I could probably write a book on what I learned from the FSEM, but suffice it to say that teaching FY students is different from teaching upper class students. When you haven’t taught a class full of FYs in a while it’s easy to forget that.
In this post I want to discuss just one episode that occurred in the course. The subject of the seminar was Economic Inequality. As you may know, Thomas Piketty’s Capital in the 21st Century was one of the most publicized books of 2014. But at 600+ pages, it wasn’t going to work to assign this to FY students to read, especially since Piketty’s work was only one part of the course. Instead, we assigned one of the many good summaries available. Anyway, I had a crazy idea that I was able to persuade my co-teacher to let us try.
The idea involved bringing my good friend Bryan Alexander into the seminar via Google Hangout. We told the class that Bryan was a colleague of Thomas Piketty, and that Bryan would present Piketty’s argument to us. For those who don’t know, Bryan is not an economist, though economics is an interest of his and he did read Piketty’s book. Rather, Bryan holds a Ph.D. in English, and is currently self-employed as a futurist and consultant. I wrote a script for Bryan summarizing Piketty’s argument. After presenting the argument, Bob and I would each give our perspective on Piketty’s argument, and then we would open the floor to questions. I told Bryan that if he were asked any questions he couldn’t handle, he should refer them to me. On the day in question, we set up the Google Hangout with Bryan and his performance exceeded our expectations. The students took notes and asked appropriate questions.

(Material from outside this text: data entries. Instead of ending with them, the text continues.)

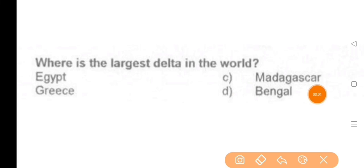Next question: Where is the largest delta in the world located? — The answer is option D, Bengal.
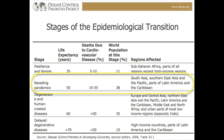In stage two, we start seeing the receding pandemic situation. This is where sanitation and nutrition and medicine start taking hold, and we stop seeing people die of things that killed them in stage one.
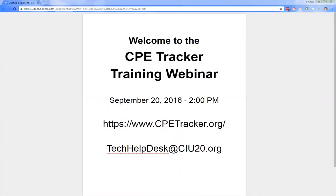Good afternoon everybody, thank you for joining us today for training on the new CP Tracker website. We're going to spend some time going over some of the more common tasks that our users need to perform. Once we've gone through the instructional portion of the webinar, we will take some questions depending on the amount of time remaining. Please write down whatever questions you may think of during the webinar and we'll try to address them at the end. Please understand this is a training session and we're not looking to discuss any specific issues you may be experiencing.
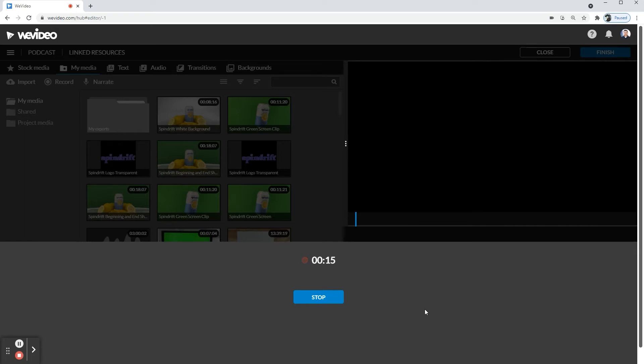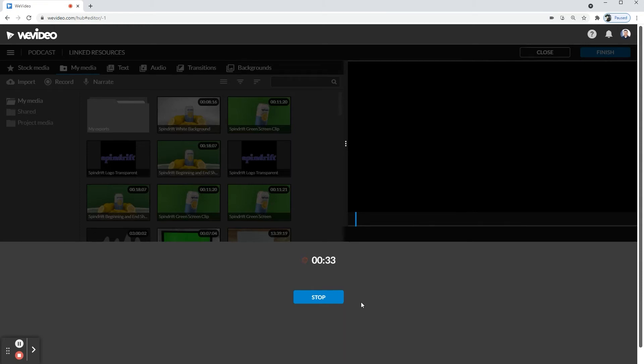And if you mess up, like if I'm like, I can always cut that part out and just continue talking. So that's the beauty of recording straight into WeVideo. It is to get just simply editing your podcast. And then I'm going to click stop.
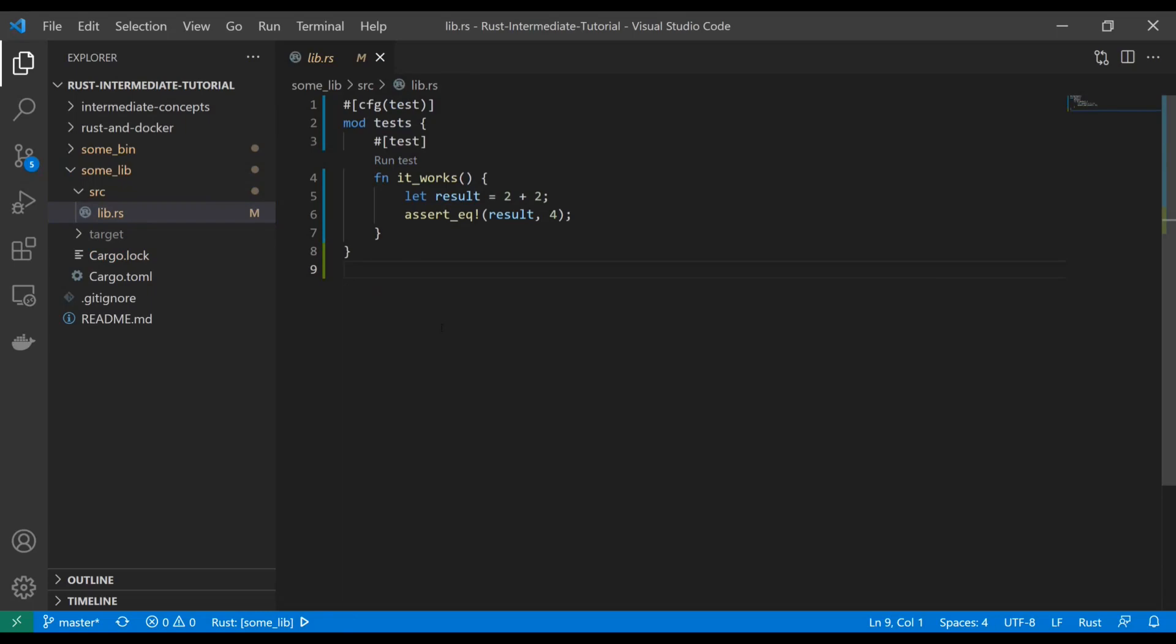Now, what is lib? Well, cargo supports binaries and libraries. And when you use cargo new, as you can see by that flag, you can specify either. A lib is designed for you to create SDKs and things of that nature and reusable code that you can share and import into other applications.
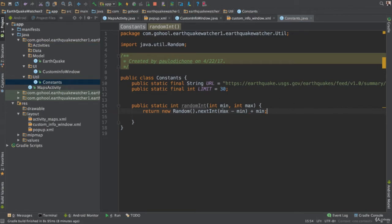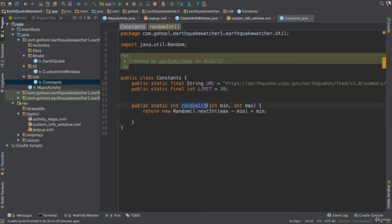Essentially we pass max as the length of our array, and min as zero, because we want numbers from zero to the length of the array. Then we add plus min which is zero, meaning zero is inclusive. So if the array length is 10, we get numbers from zero to 10 with zero included.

At the beginning of the next class period, I asked the students, “What did you think of Dr. Alexander?” They replied effusively saying how much they enjoyed and appreciated the presentation. As one student put it, “It was really great to hear from an expert!” I responded by asking what about Bob & I, and she said, “well you know, a real expert!” We thanked the students for their feedback and went on with the scheduled lesson. The following class period was Friday. I waited until the last five minutes of class, and then announced, “Remember Dr. Alexander? Everything he said was a fraud.” The students were stunned. I continued, “The information he presented was accurate. I know because I wrote his script.” The students showed confusion, denial and in some cases, anger. Then as the clock ticked down, I announced “For the weekend, I’d like you to think about why we did this. … See you Monday!”
On Monday, we began class by repeating the question: Why did we go through this charade with you students? Several students immediately proposed the answer—That we wanted them to think critically about the information they received in our class, even when they received it from the instructors. The lesson was learned.
For the rest of the semester, at various times students asked, “How do we know you’re telling us the truth?” “You don’t,” we replied.